Hypophysitis caused by toripalimab
10.3760/cma.j.cn114015-20200628-00728
- VernacularTitle:特瑞普利单抗致垂体炎
- Author:
Dandan GAO
1
;
Lifang JIN
1
;
Chunhong WANG
1
;
Xurui GUO
1
;
Weizhang SHEN
1
Author Information
1. 吉林大学第二医院肿瘤血液科,长春 130041
- Publication Type:Journal Article
- Keywords:
Programmed cell death 1 receptor;
Hypophysitis;
Diabetes insipidus;
Toripalimab
- From:
Adverse Drug Reactions Journal
2020;22(11):642-643
- CountryChina
- Language:Chinese
-
Abstract:
A 48-year-old female patient received chemotherapy with etoposide and carboplatin combined with whole brain radiotherapy for small cell lung cancer located in the right lung with brain metastasis.
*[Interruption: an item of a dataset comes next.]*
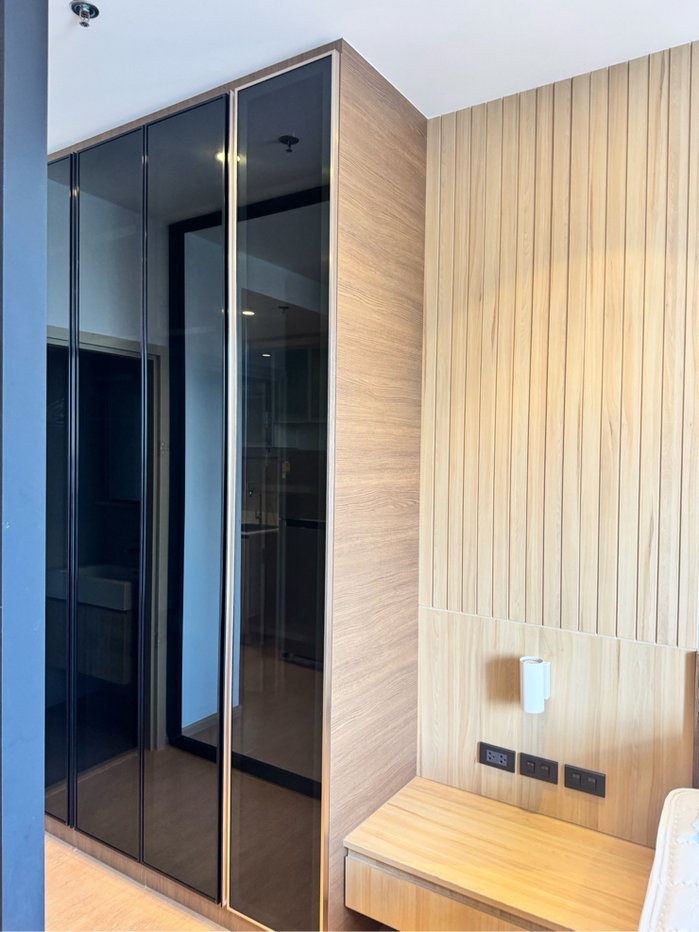 รูป Maru Ekkamai 🛌 1BR for rent: 25,000 🐶 Pet friendly  - รูปที่ 3/6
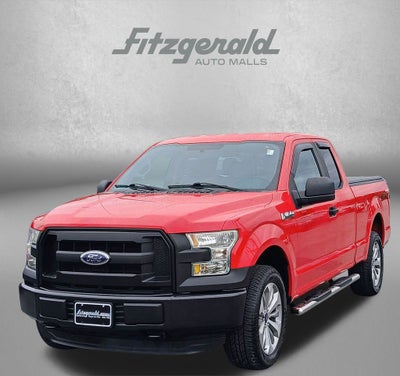 2016 Ford F-150 XL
An IV infusion of toripalimab 240 mg once per 21 days in the 4th cycle of chemotherapy was combined due to tumor progression, and no radiotherapy was given again. After 7 courses of chemotherapy, the patient received monotherapy with toripalimab. On the 2nd day after the 5th administration of toripalimab, the patient developed obvious fatigue, nausea, vomiting, and repeated fever. Laboratory tests showed decreased corticotropin and cortisol (1.5 μg/L, 3.9 μg/L), increased prolactin (127.6 μg/L), and normal thyroid function. Excluding tumor occupation by pituitary magnetic resonance imaging, it was considered as hypophysitis caused by toripalimab. Symptoms disappeared after hydrocortisone replacement therapy was given. After the 9th administration of toripalimab, the patient developed polyuria, thirst, and nocturia. Laboratory tests showed decreased urine specific gravity and urine osmolality (1.010, 132 mmol/L). Diabetes insipidus as the manifestation of hypophysitis caused by toripalimab was considered. The above symptoms were improved after discontinuation of toripalimab and administration of desmopressin. After more than 3 months of the treatment, symptoms of diabetes insipidus disappeared. Then desmopressin was discontinued and diabetes insipidus did not recur.